Training was performed for 4,000 epochs total on consecutive subsets of 20 million journeys, simulating “online” training. By the end of training, the MSE value on validation set was at about ~13.5.

But how good is MSE of ~13.5? Can the neural network be usable at this point? Well, MSE of 13.5 translates into 3.7 minutes of standard deviation of predicted values being off from the ground truth… but the routes in California-Nevada region may differ significantly in size: 3.7 minutes difference may be OK for an hour-long route, but for a route which is under 10 minutes - that’s a big difference. So, a chart showing how prediction accuracy varies depending on route length can tell a better story – Figure 2.

Figure 2. Variation of prediction accuracy as a function of route length.

Another great tool for evaluating prediction accuracy which we built here in Esri, is a WMS REST service endpoint wrapping our trained neural network. The service returns a geographically bound PNG containing travel time surface, where every pixel is colored proportionally to the time it takes to reach it from the central pixel. Once constrained by a maximum travel time value, such surface looks like a isochron polygon. Figure 3 shows isochrones being built around San Francisco:

Figure 3. Isochron polygon constrained by 20-minute travel time.

Figure 3. Isochron polygon constrained by 20-minute travel time.

If such isochrones remind you of Network Analyst Service Area polygons, you are not mistaken: ultimately, in such form, both represent “reachability” zones and, if our neural network was trained well, these two should match closely. Figure 4 shows how neural network produced isochron (blue) matches Service Area polygon (red) built for the same departure location and time of day. Note how closely the boundaries of two polygons match in places where they both intersect with the streets. It is also important to note, that San Francisco area is particularly challenging due to an intricate coastal line and uneven distribution of transportation graph elements, and nevertheless, our neural network gets a good grasp on this complexity producing very compelling predictions.

Figure 4. Neural network isochrons (blue) and matching Service Area polygons (red).

Figure 4. Neural network isochrons (blue) and matching Service Area polygons (red).

So, what about the road congestions which we mentioned before? Here is the last animation for today, Figure 5, showing how a 25-minute isochron changes over a 24 hours period. You can see how the isochron shrinks during the business hours, and how it expands back during the night.

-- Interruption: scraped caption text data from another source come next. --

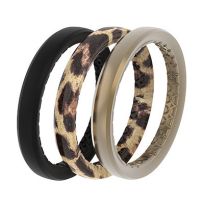Groove Life Leopard Stackable, Black / Gold / Leopard, R9-126-06, Ring Size 6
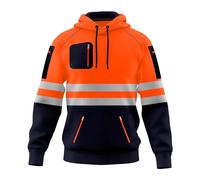 Mens Hi Vis Work Wear Pullover Hoodie Safety Sweatshirt Reflective Tape High Viz Hoodie High Visibility Sweatshirt Top Multi Zipper Pockets S-2XL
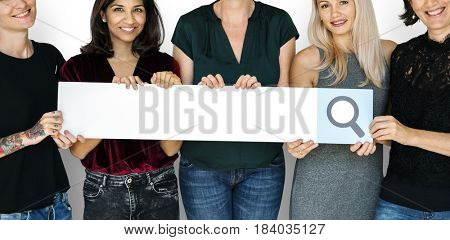Women Hold Search Box Magnifying Glass
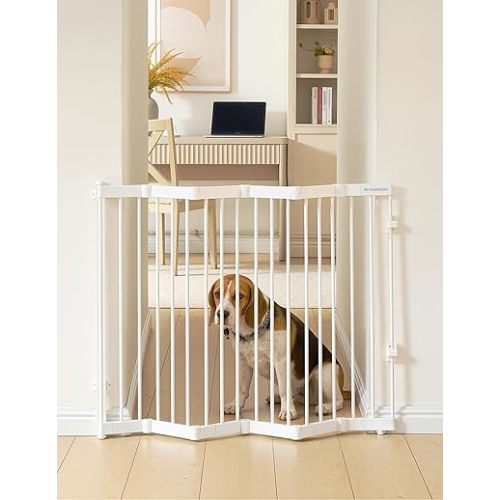No Pawblems Retractable Safety Gate, Metal Adjustable Dog Gate for Doorways, Stairs & Hallways, Expands to 38" Wide, Auto Retract Design, No Bottom Bar, White
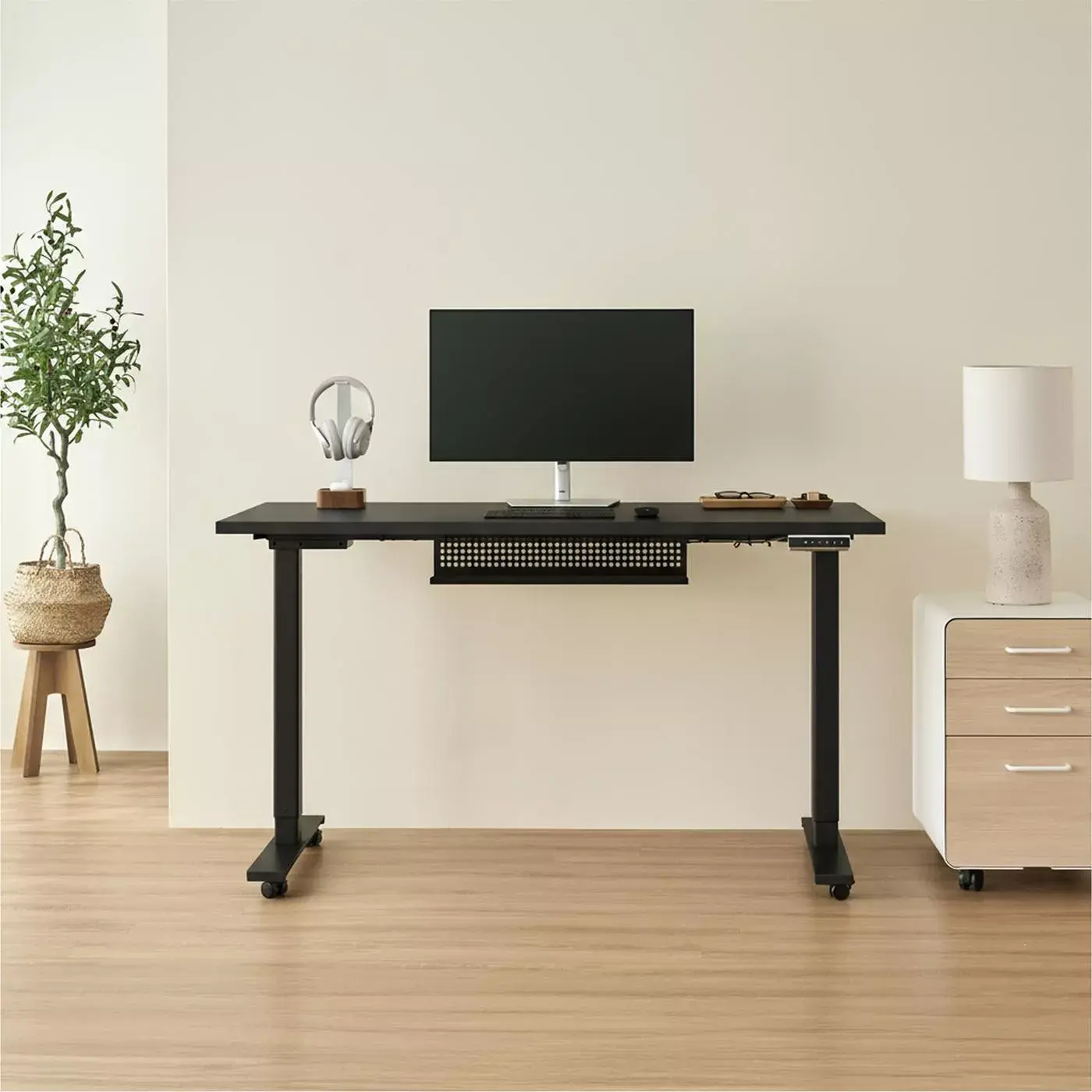 Bàn nâng hạ Pure Edge - By NiceDesign (Mặt bàn 120x60cm, màu đen - Khung đen - Mới, Full box, Chính hãng) (NDAF24PUED01)
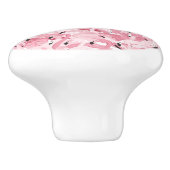 エキゾチックなピンクのフラミンゴの鳥の継ぎ目のないパターン セラミックノブ (側面)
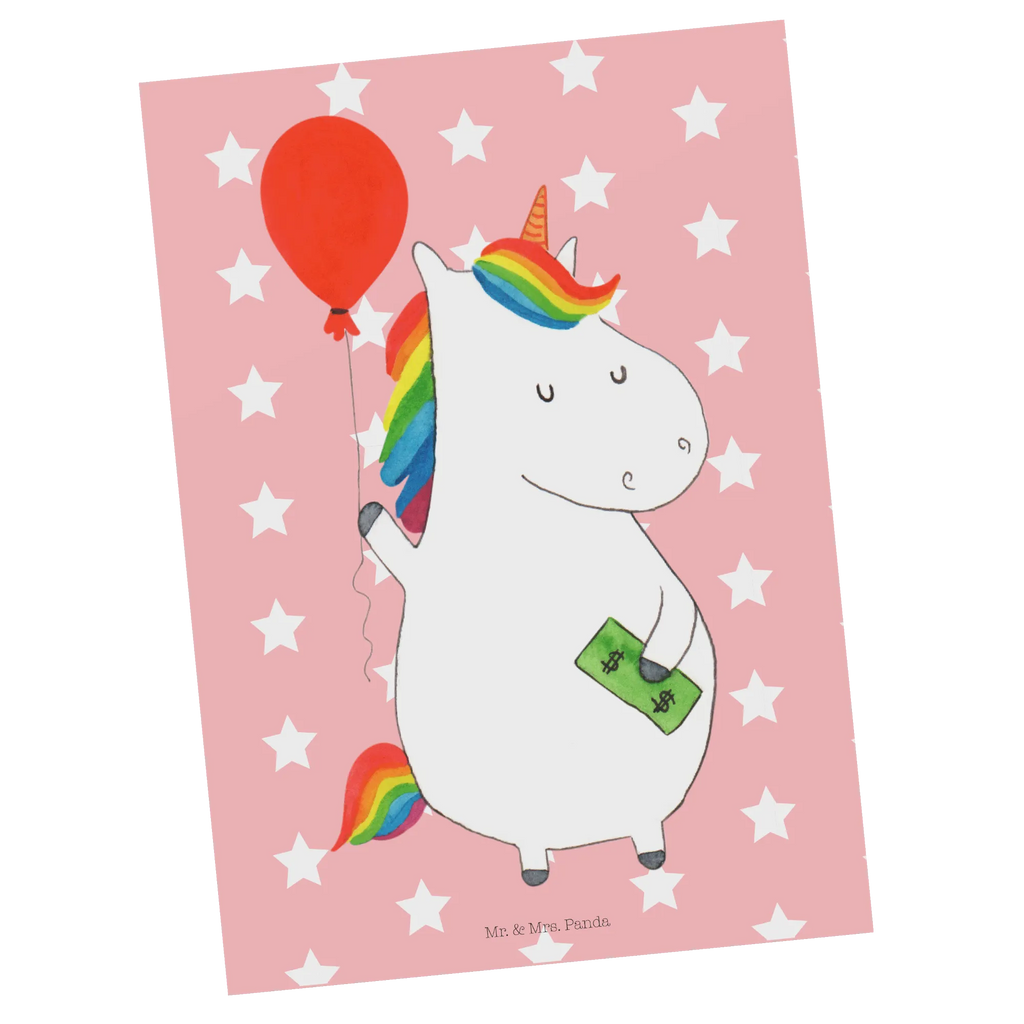 Postcard unicorn balloon bildkarte, einzelkarte, Grußkarte, Motivkarte, Ansichtskarten, spruchkarte, Designkarte, Ansichtskarte, Postkarte, Kunstkarten, kunstkarte, Fotokarte, Postkarten, Unicorn, Einhorn, Einhörner, Einhorn Deko, Luftballon, Geld, Freundin, Lebenslust, Geschenk, Freude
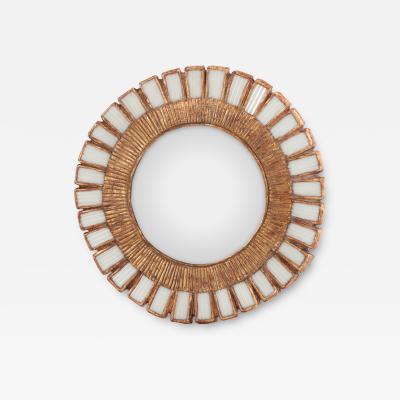 Line Vautrin A White Glass and Resin Mirror in the Manner of Line Vautrin Contemporary 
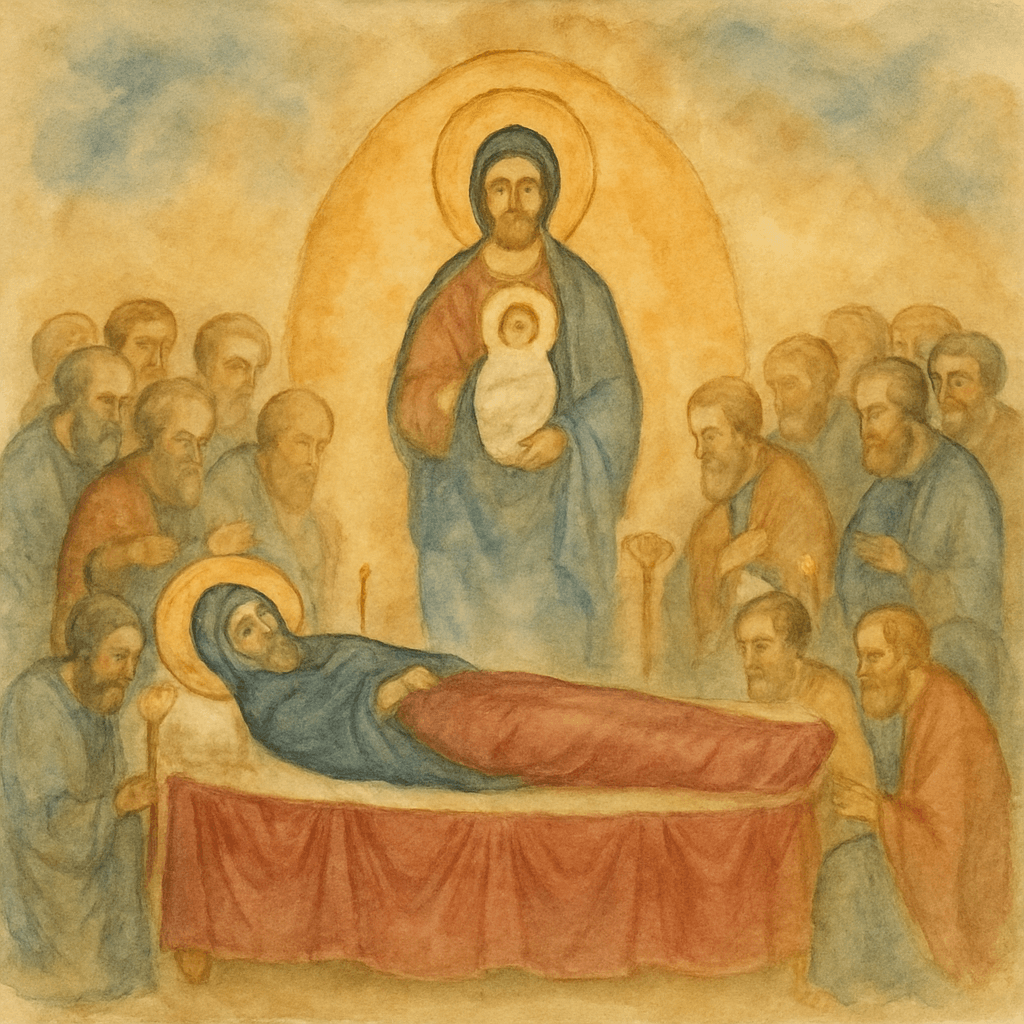 Iconographie classique de la Dormition byzantine : Marie étendue sur un lit funéraire entourée des apôtres, et au-dessus le Christ recueillant l'âme de sa Mère sous la forme d'un nouveau-né enveloppé de blanc.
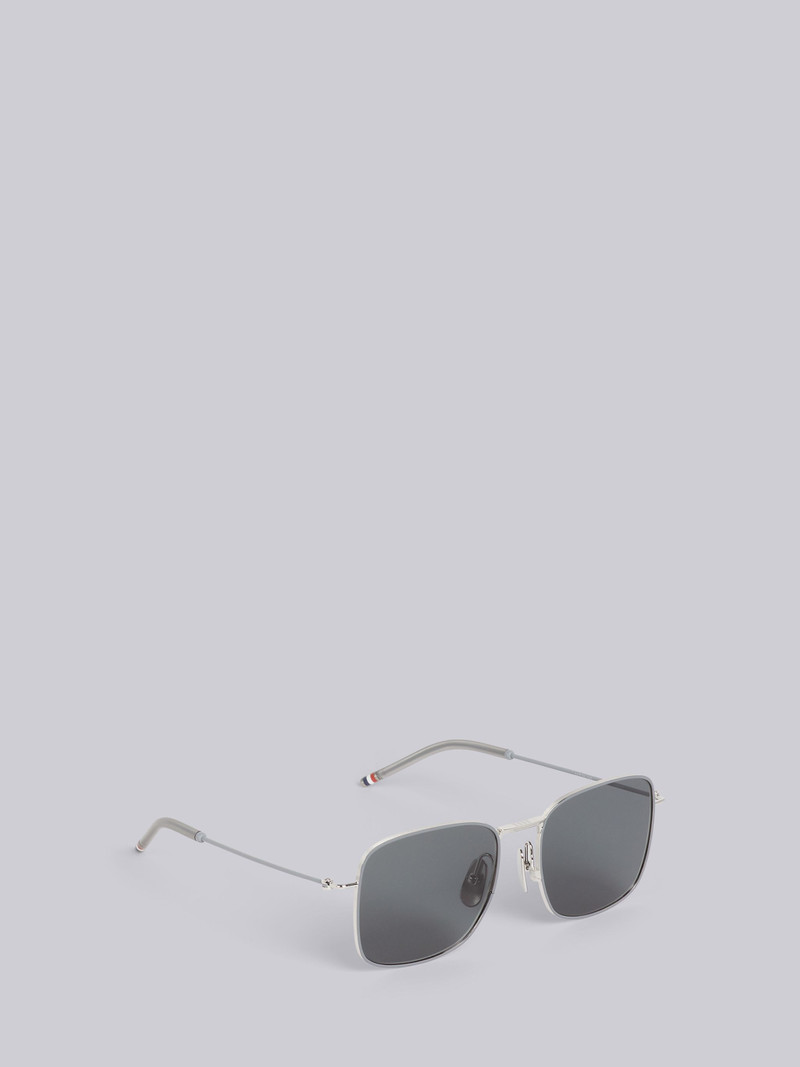 TB117 - Silver Oversized Squared Aviator Sunglasses 4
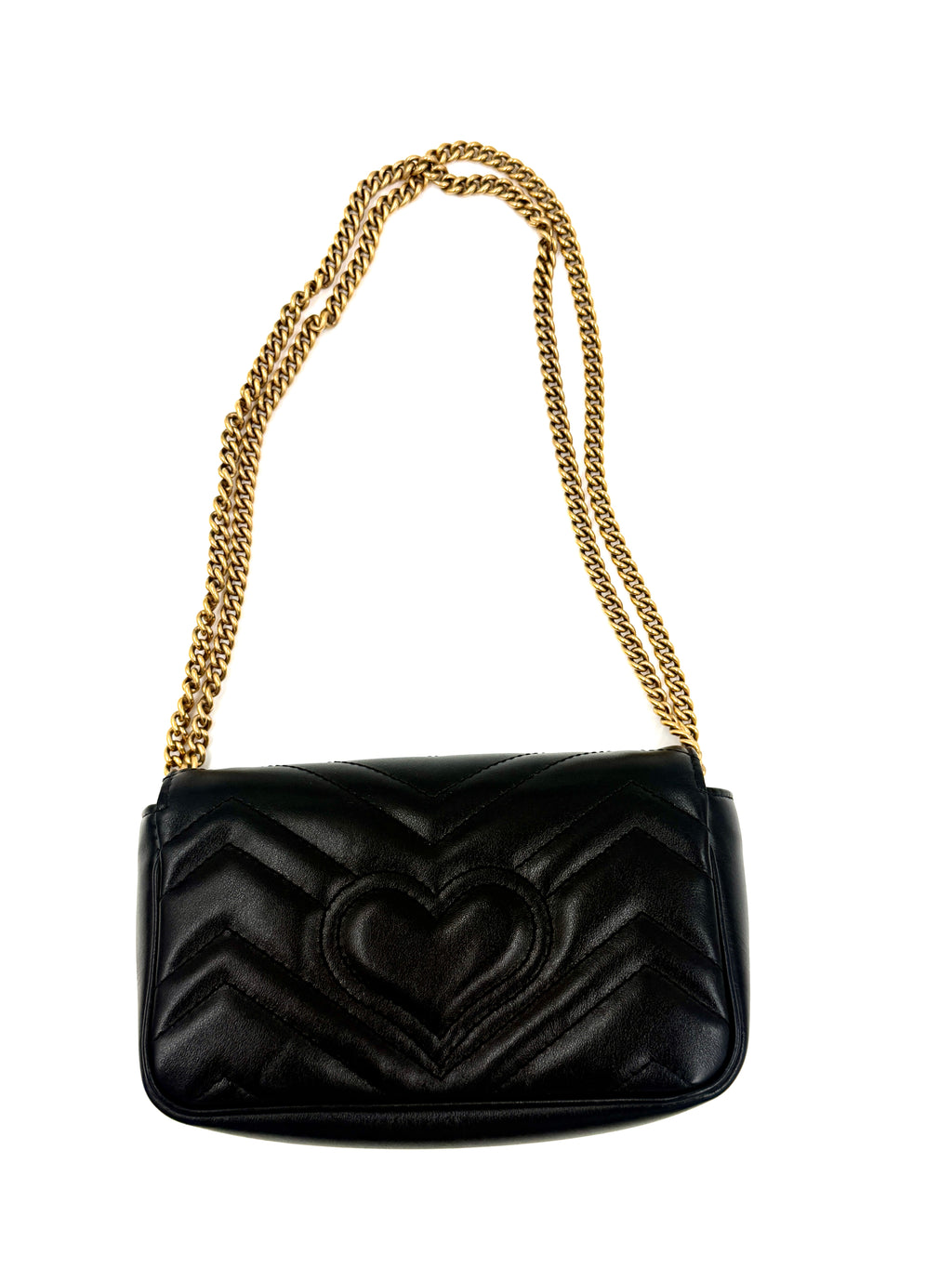 Pre-Owned Gucci Calfskin Matelasse Super Mini GG Marmont Shoulder Bag Black - Authenticated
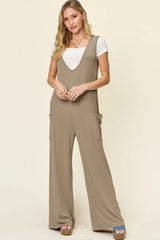Double Take Full Size Sleeveless Wide Leg Jumpsuit with Pockets - kinko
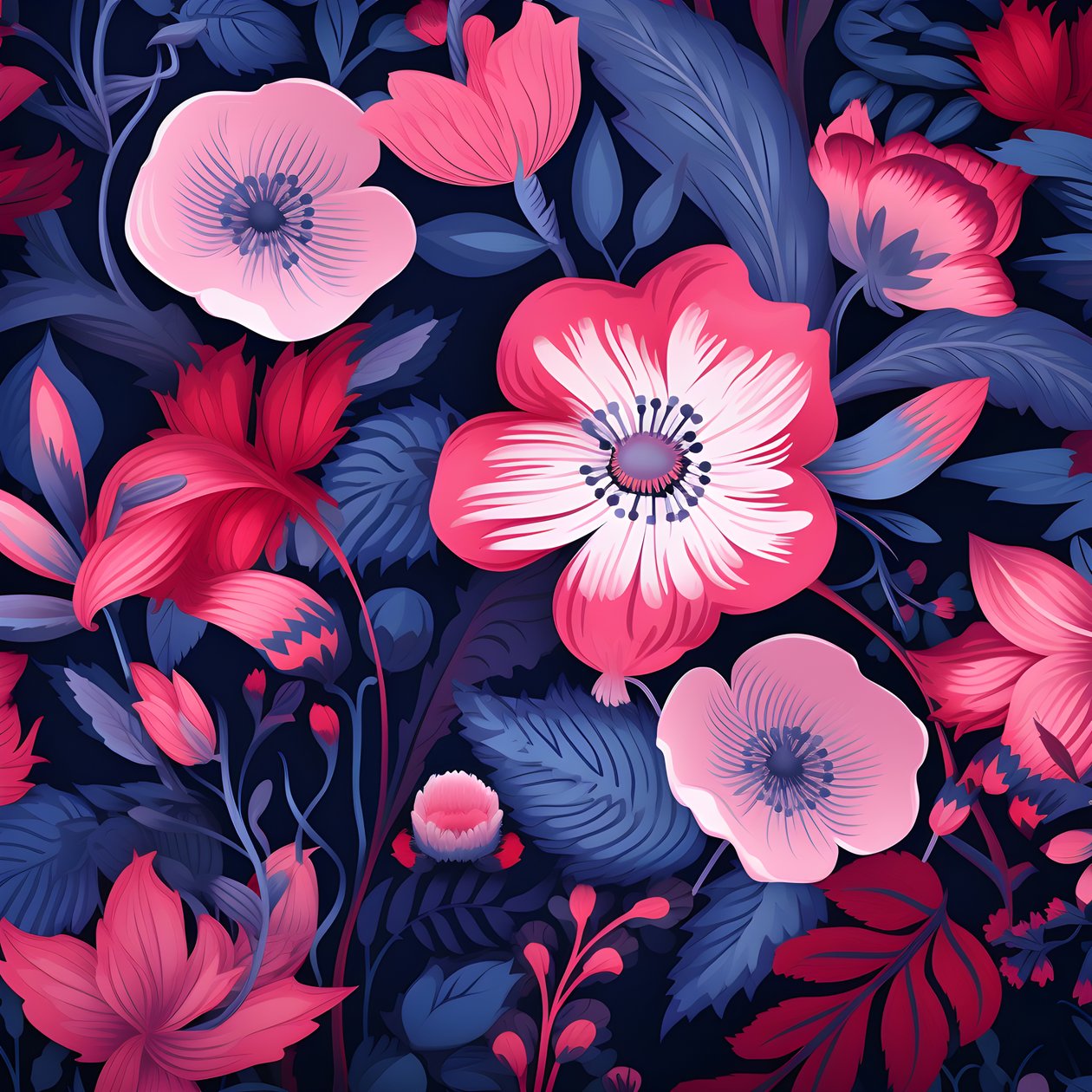 um ramo de flores cor-de-rosa e azul 3 de Kurt Heppke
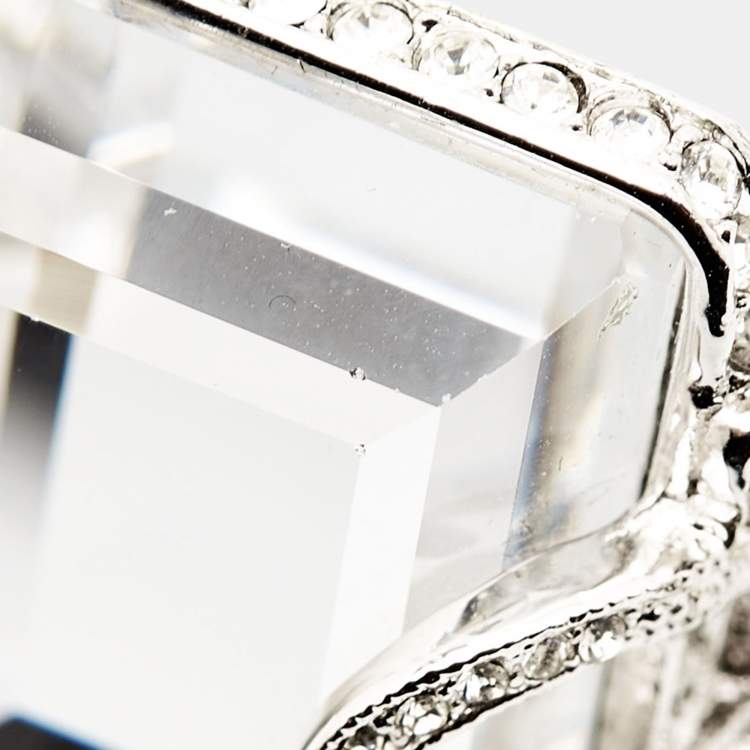 Pre Owned Dior Vintage Statement Crystal Logo Silver Tone Ring Size 54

Figure 5. Road congestion patterns captured by the neural network during training. There corlor rings were added for visualization purposes and are similar to isolines of a continuous 3d surface, where the 3rd dimension is time. That animation has 12 rings colored (or left transparent) for ranges of travel times falling into 125 second buckets – 12 total, summing up to 25 minutes.

The road ahead

Although we have achieved here some impressive results, there is room for improvement. One particular path which we want to explore further down the road, is to check the applicability of one-dimensional convolutional network instead of MLP. The reason for this is simple: there is a strong correlation between the coordinates, and multiple repeating patterns in the training data – this makes our scenario a good candidate for a convolutional architecture which will scale better for larger geographical areas.

Another area of improvement can be illustrated with the Figure 2 above: we want smaller standard deviation values for shorter routes, and this can be achieved by more accurate selection of the training data, giving shorter routes a bigger share in the training set.

And, of course, the final step – using the trained neural network in transportation analysis and planning.

We will keep you updated on the progress.